Private capital markets surge helped by blessing of unicorns
The growing use of the capital markets by private companies – and the growing size of those companies – is proving a boon to investment banks, with bankers increasingly reliant on fees generated by the huge rise in the number of so-called "unicorns".
Privately held companies have grown in sophistication as well as size and there has been a major shift in their use of capital markets, bankers said. That, in turn, has made secondary markets for private investments more liquid and attractive for investors, producing a virtuous circle that attracts more investors and encourages more such companies to raise funds.
Assets managed in private markets strategies have more than doubled in the past decade to more than US$7trn, according to analysis by Goldman Sachs.
Leading the way are unicorns, or private firms that are valued at US$1bn or more. There were 392 unicorns as of September – a "blessing" of unicorns to use the collective noun – compared to just nine a decade ago, according to the Goldman report. In the first half of 2021 alone, 155 firms attained unicorn status.

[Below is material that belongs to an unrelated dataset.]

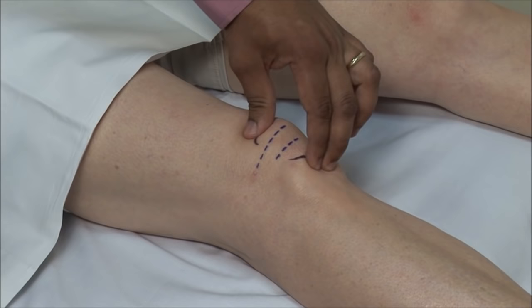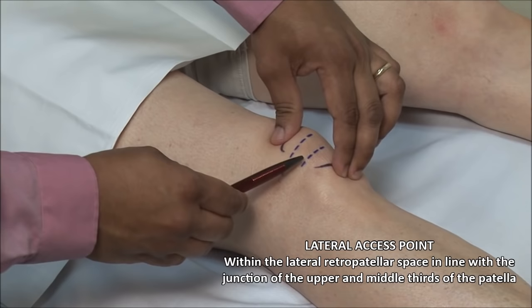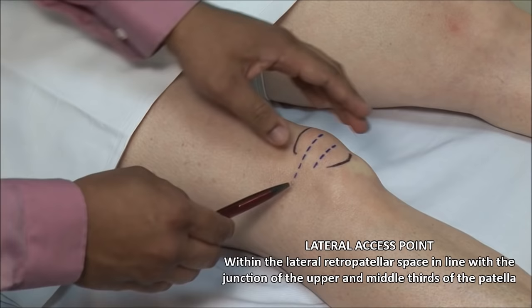Identify the superior and inferior poles of the patella. Lateral injections are done in line with the junction of the upper and middle thirds. Palpate the groove underneath the patella.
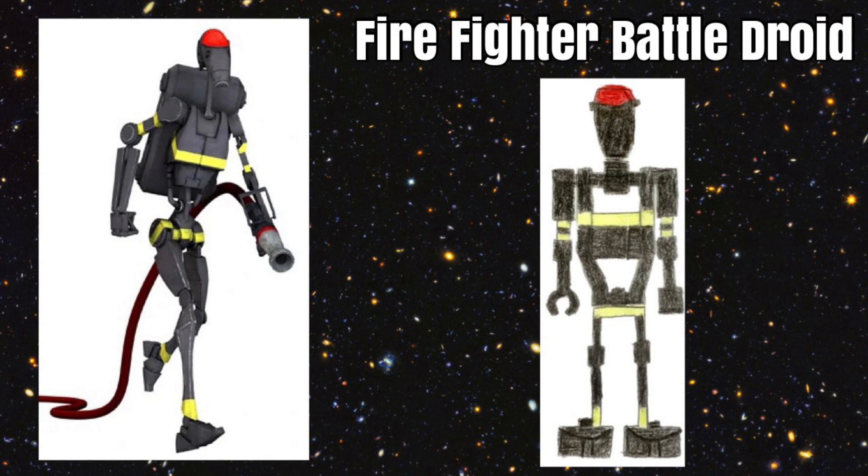Our next figure in our custom series is a Firefighter Battle Droid. This is from The Clone Wars and would be really cool for Lego to make. It would be pretty much the same as a Battle Droid, except with unique printing in the specific Battle Droid colors of gray plus yellow and a red head. This would be great for Mox, and would hopefully come with a cool backpack design as well as a hose with the minifigure.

They need financing to fuel their rapid growth, and all the major banks want some of that business. Firms including Bank of America, JP Morgan, Goldman, Citigroup and UBS have long been active in private placements, but ramped up their focus on private capital markets several years ago and many created dedicated teams within or alongside equity capital markets groups. They continue to evolve structures and hire staff to try to gain an edge.
“This year has been a real breakout year in terms of the quality and the size of the business we’ve been able to raise private capital for,” said Gareth McCartney, global co-head of ECM at UBS. He said a theme of the year had been the emergence of “a true liquid private placement market” in Europe.
The traditional route for private companies – initial public offerings or M&A deals – has been added to by the option of special purpose acquisition transactions after a boom in SPACs in the last two years. “It gives them an extra item on the menu,” McCartney said.
Several bankers said the shift appeared structural, rather than cyclical, and showed the line between public and private markets was increasingly blurred.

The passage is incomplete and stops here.